17 Mayıs 2009 Pazar

HOŞGELDİN BEBEK!

Bugün öğleden sonramı, gerçek bir güneş ve deniz görgüsüzü kıvamında geçirdim.Giydim şıpıdık terliklerimi, deniz kenarında suya bata çıka yürüdüm. Denize giren turistleri içten içe kıskandım, ama haziranı bekleyeceğim denize girmek için. Hiiiiiç üşüyemem. Akşamüstü oldu, evime geldim. Buraya kadar herşey normal. Fekaaaat...Efendim bu akşam itibariyle, ev nüfusumuz çoğaldı.
Aç sefil bi şekilde yemek hazırlarken, dışardan bir vikleme duymaya başladım. Daha doğrusu, yaklaşık yarım saatten beri duyduğum sesin kedi viklemesi olduğuna ancak idrak ettim. Çıktım baktım; caddede, orta refüjde, zakkumun içinden iki göz bana bakıyor.
Ama gözler... Kafanın yarısından çoğunu kaplıyor. Kucağıma aldım diyeceğim ama, aslında elime almam yetti. Minnacık... Eve getirdim çaresiz.
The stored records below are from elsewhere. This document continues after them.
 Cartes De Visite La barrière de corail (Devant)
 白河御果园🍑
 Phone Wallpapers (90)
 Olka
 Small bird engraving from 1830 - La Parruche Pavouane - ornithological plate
Biraz daha viklerse, civardaki bütün köpekler toplanacak çünkü. Neyse geldik, Tabii Kaymak hiç hoşlanmadı bu durumdan. Banyoya götürdüm, çay tabağına süt koyup başında beklemeye başladım. Kedicik de bekliyor. Var bi terslik... Baktım olmuyor, aldım bir enjektör; cuk cuk süt içme seansı ve elimde uykuya dalıverdi. Şimdilik içeri odada, Kaymak'ın seyahat kafesinde misafir, ama ben Kaymak'ın şimdiden Bir Schindler's List yaptığına eminim. Off off... Bir çözüm bulmam lazım...

1 yorum:

  1. p.s:kediciği veterinere bıraktım.böylesi hepimiz için daha iyi.